상기 제어부는, 학습자의 발화된 음성을 이용하여 파형을 획득하고, 상기 획득한 파형과 발화문에 포함된 단어의 시간정보를 매칭하여 단어의 강세를 획득하며, 획득한 강세와 원 단어의 강세를 비교하여 정답 여부를 색상으로 표현하여 출력할 수 있다. The control unit acquires a waveform using the learner's uttered voice, acquires the stress of the word by matching the acquired waveform with time information of the word included in the utterance, and combines the acquired stress with the stress of the original word. By comparing, you can print out whether the answer is correct or not, expressed in color.
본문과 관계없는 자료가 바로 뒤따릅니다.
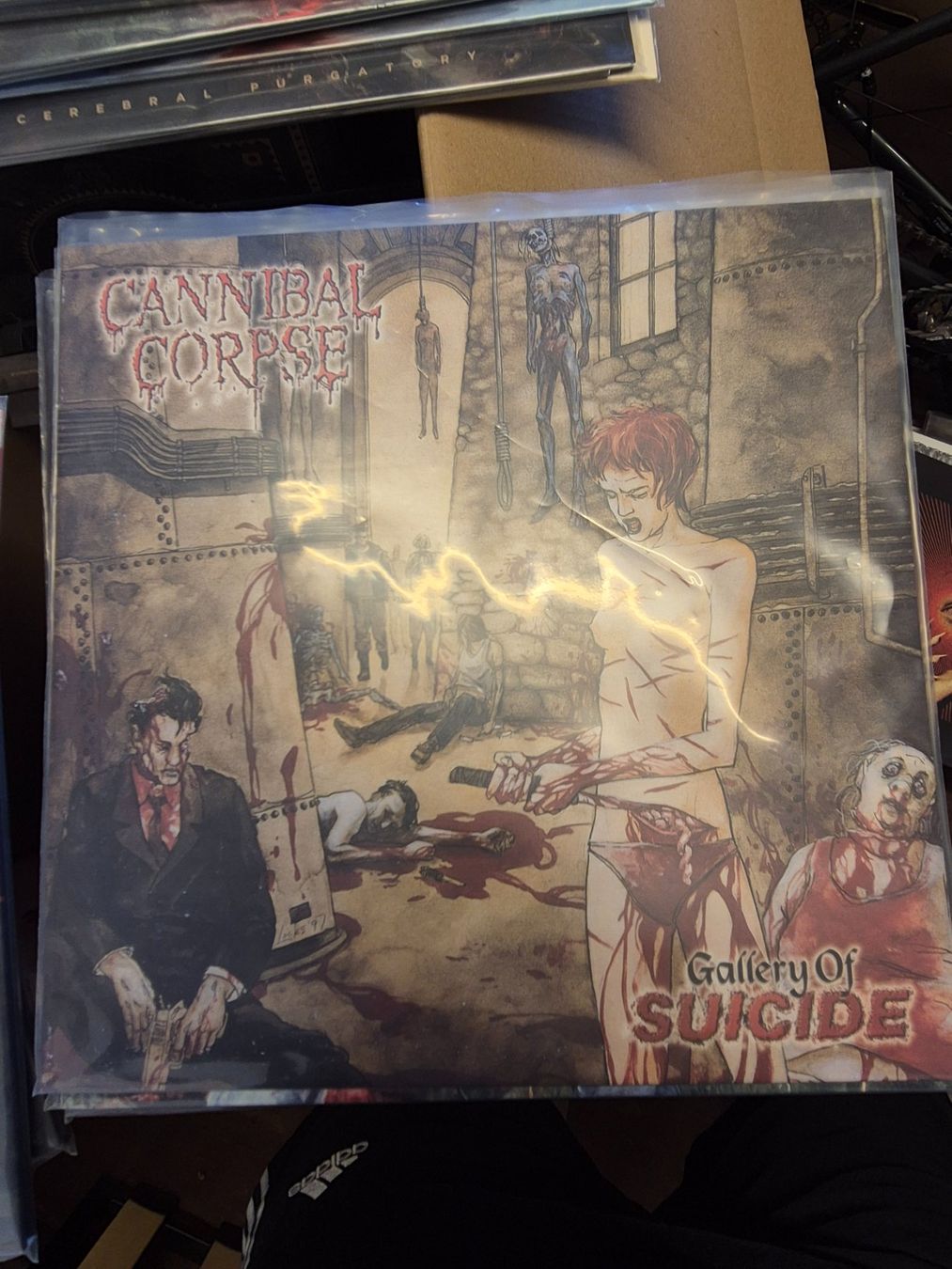 Dischi in vinile: Lot 6 vinyles Cannibal Corpse – Usato da Estavayer-Gibloux venduto da zom_j92z 3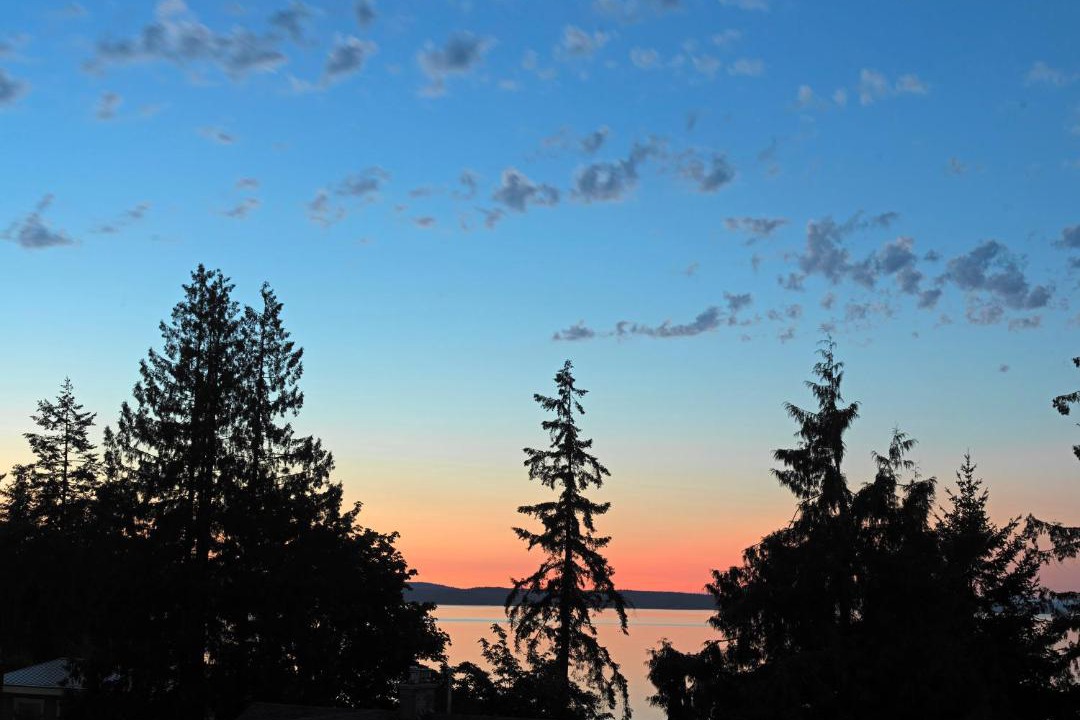 Photo of Others in Chemainus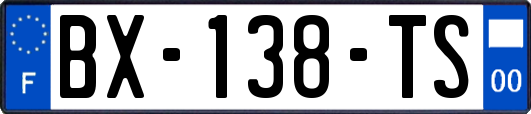 BX-138-TS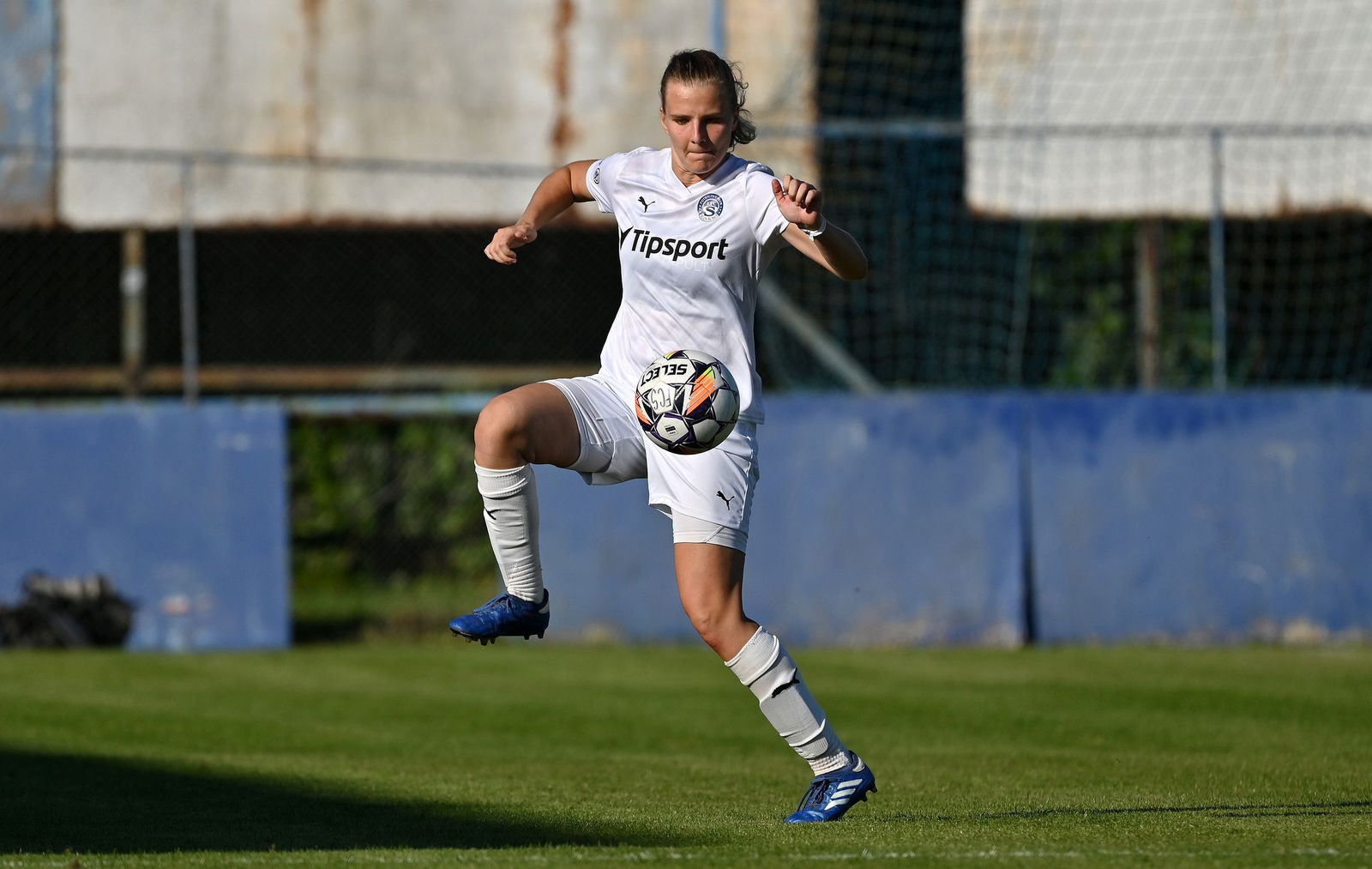 PJml_20240922_296768_web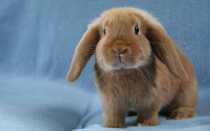 Кролик вислоухий баран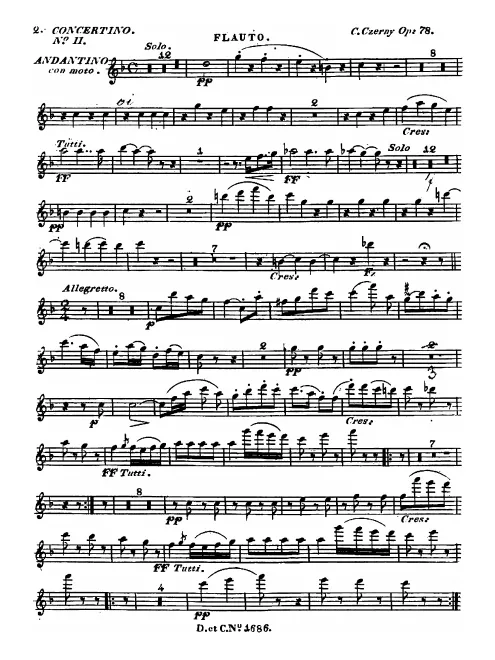 Flute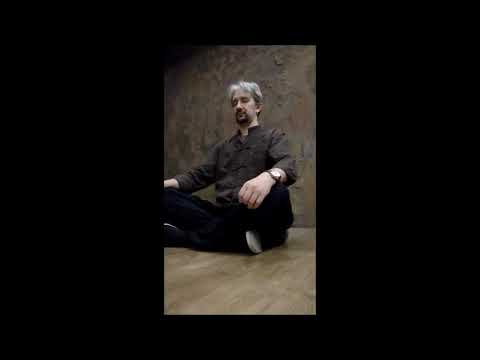 Видео: Беседы о Тайцзицюань - В.Шигорин - часть 2. Медитация на точку Тайцзи.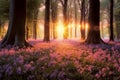 Beautiful woodland bluebell forest in spring. Purple and pink flowers under tree canopys with sunrise at dawn.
이와 같이 본 발명에 따르면, 딥러닝 및 자연어 처리(NLP)기술을 기반으로 문장에 대한 사용자의 발화 정도를 평가하고, 평가된 결과를 지표화하여 제공하므로 사용자로 하여금 성취감을 느낄 수 있도록 하며, 스스로 영어의 발음을 입력하면 부정확한 발음에 대한 위치를 음소 혹은 음절 단위로 지적하여 사용자에게 알려줌과 동시에 발음의 정확도, 강세, 억양, 속도 등에 대한 자세한 분석이 가능하여 학습 능률을 높일 수 있다. In this way, according to the present invention, based on deep learning and natural language processing (NLP) technology, the user's level of speech for the sentence is evaluated, and the evaluated results are indexed and provided, so that the user can feel a sense of accomplishment and learn English on their own. By entering the pronunciation of , the location of the incorrect pronunciation is pointed out in units of phonemes or syllables and notified to the user. At the same time, detailed analysis of pronunciation accuracy, stress, intonation, speed, etc. can be performed, thereby improving learning efficiency.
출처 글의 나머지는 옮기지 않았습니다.